- Music
- 24 Sep 07
A pleasing weekend’s music, that made for an enjoyably relaxed comedown from the Electric Picnic.
Things really kicked off in earnest at Cois Fharraige when The Blizzards – the penultimate act – arrived onstage on Friday evening. As it transpired, the Mullingar group represented a decent starting point for the weekend: their playful, disco-tinged pop-rock marks them out as one of few genuinely fun Irish acts, and a soaring cover of Heaven 17’s ‘Temptation’ proved to be a real highlight. Another plus point: vocalist Niall Breslin’s gigantic frame dwarfs his guitar to the point that he resembles an overgrown child playing a toy instrument. You’d have to love him for it!
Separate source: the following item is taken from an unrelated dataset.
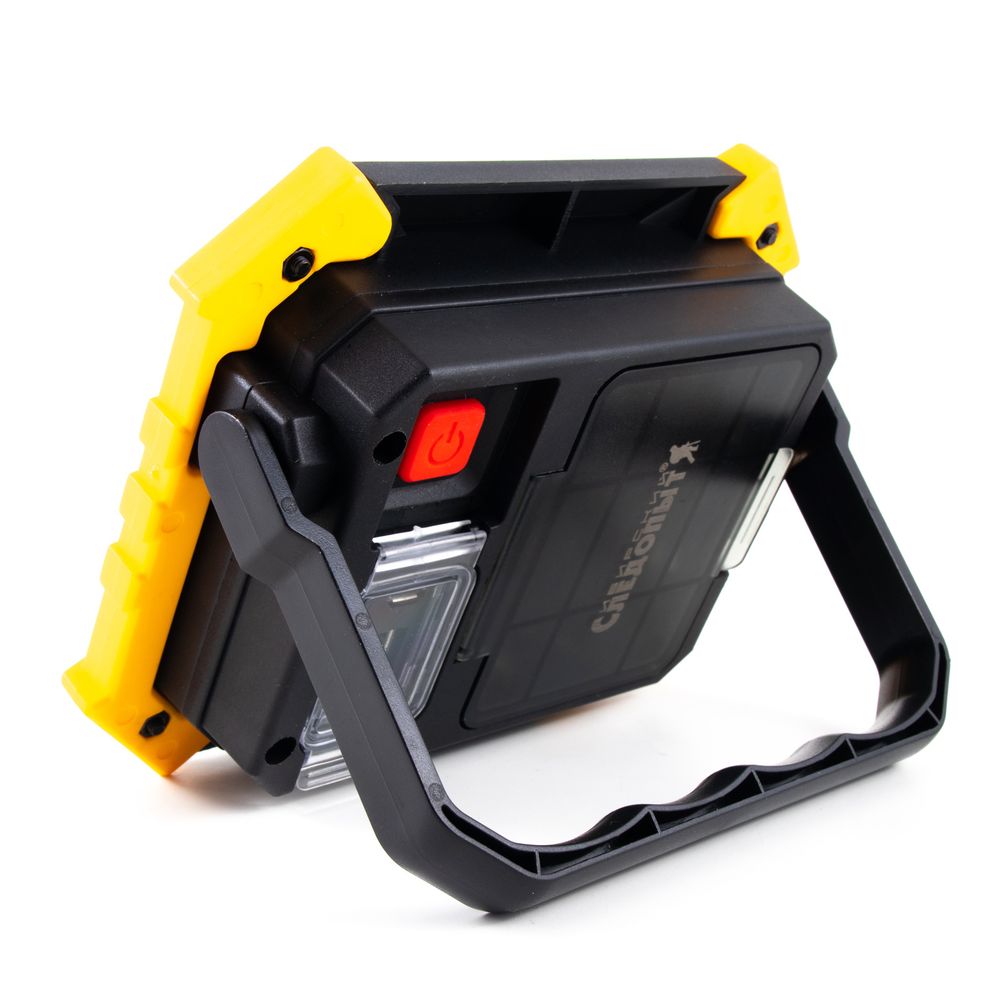 Фонарь кемпинговый &quot;СИБИРСКИЙ СЛЕДОПЫТ-BRIGHT&quot;, 1 COB, Power Bank, аккум. 2х2200 мAh /60/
To my ears, Fun Lovin’ Criminals – the evening’s bill-toppers – ran out of enjoyable variations on the formula that made them successful some time ago. A headline slot only serves to highlight their dilemma, as the set must be padded out with the wafer-thin rewrites they have been producing since their brief moment in the sun. Still, the paradox is that, on the night, ‘Scooby Snacks’ and ‘The Fun Lovin Criminal’ provide highs that few acts can match. They just need to hit a new groove once in a while, that’s all.
The smaller-name bands on Saturday afternoon ended up playing to relatively small houses. Neither The Kinetiks nor 28 Costumes successfully take the bull by the horns: they both inhabit the mainstream indie milieu of Franz Ferdinand or the Arctic Monkeys, but as yet – understandably perhaps – exhibit considerably less style. A similar accusation could be levelled at The Enemy, but they deliver their clichés with such snarling, teeth-gritting ferocity that the originality deficit is easier to ignore.
Context: many years ago, this budding music fan attended an Ash gig at which the first support act (name escapes me, came below Chicks on the bill, to give an idea of their profile) performed a set so obnoxious that it has remained buried deep in his subconscious to this day. Upon setting eyes on the Republic Of Loose’s lead vocalist Mick Pyro, there is a sudden, awful moment of realization – Pyro was a member of the offending group (I’m finally understanding how Ed Harris’ character in A History Of Violence felt, upon hearing that the man who gouged his eye out is now being feted as an clean-cut American hero).
Perversely, the Loose’s set proves to be a weekend highlight: Pyro’s sleazy laddishness has at last been placed in a fitting context, and the group’s feisty, uninhibited R&B is a treat.
Saturday’s two remaining acts are intermittently enjoyable. Ocean Colour Scene sensibly play to their strengths, summoning forth their anthemic, melodic side, rather than the workmanlike, muso tendencies into which they can occasionally slip. Finally, Paddy Casey steps up to close the event in fine style – and any reservations this observer may have about him are swept away amid the frantic, hands-aloft crowd sing-along to ‘Saints And Sinners’.
A pleasing weekend’s music, that made for an enjoyably relaxed comedown from the Electric Picnic.